You know, O my Love, that the fear of your chastisement has never made much impression either on my intellect or upon my heart. Fear of having offended you caused all my grief, and this was such that it seemed to me, though there should be neither Paradise nor Hell, I should always have had the same fear of displeasing you. You know that even after my faults your caresses were a thousand times more insupportable than your rigors, and I would have a thousand times chosen Hell rather than displease you.

O God, it was then not for you alone I used to behave well, since I ceased to do so because they no longer had any consideration for me.

If I had known how to make use of the crucifying conduct that you maintained over me, I should have made good progress, and, far from going astray, that would have made me return to you.

I was jealous of my brother, for on every occasion I remarked the difference my mother made between him and me. However, he behaved always right, and I always wrong. My mother's servant-maids paid their court by caressing my brother and ill-treating me.

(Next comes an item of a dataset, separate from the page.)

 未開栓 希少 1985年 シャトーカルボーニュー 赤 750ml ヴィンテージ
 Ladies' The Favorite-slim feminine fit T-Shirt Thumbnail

It is true I was bad, for I had fallen back into my former defects of telling lies and getting in a passion; with all these defects I nevertheless willingly gave alms, and I much loved the poor. I assiduously prayed to you, O my God, and I took pleasure in hearing you well spoken of. I do not doubt you will be astonished, Sir, by such resistance, and by so long a course of inconstancy; so many graces, so much ingratitude; but the sequel will astonish you still more, when you shall see this manner of acting grow stronger with my age, and that reason, far from correcting so irrational a procedure, has served only to give more force and more scope to my sins.

It seemed, O my God, that you doubled your graces as my ingratitude increased. There went on in me what goes on in the siege of towns. You were besieging my heart, and I thought only of defending it against your attacks. I put up fortifications to that miserable place, redoubling each day my iniquities to hinder you from taking it.

When it seemed you were about to be victorious over this ungrateful heart, I made a cross-battery; I put up barriers to arrest your bounties and to hinder the course of your graces. It required nothing less than you to break them down, O my divine Love, who by your sacred fire were more powerful than even death, to which my sins have so often reduced me.

My father, seeing that I was grown, placed me for Lent with the Ursulines, in order that I should have my first communion at Easter, when I should complete eleven years of age. He placed me in the hands of his daughter, my very dear sister, who redoubled her cares that I might perform this action with all possible preparation. I thought only, O my God, of giving myself to you once for all.

I often felt the combat between my good inclinations and my evil habits. I even performed some penance. As I was almost always with my sister, and the boarders of the grown class with whom I was, although I was very far from their age, were very reasonable, I became very reasonable with them.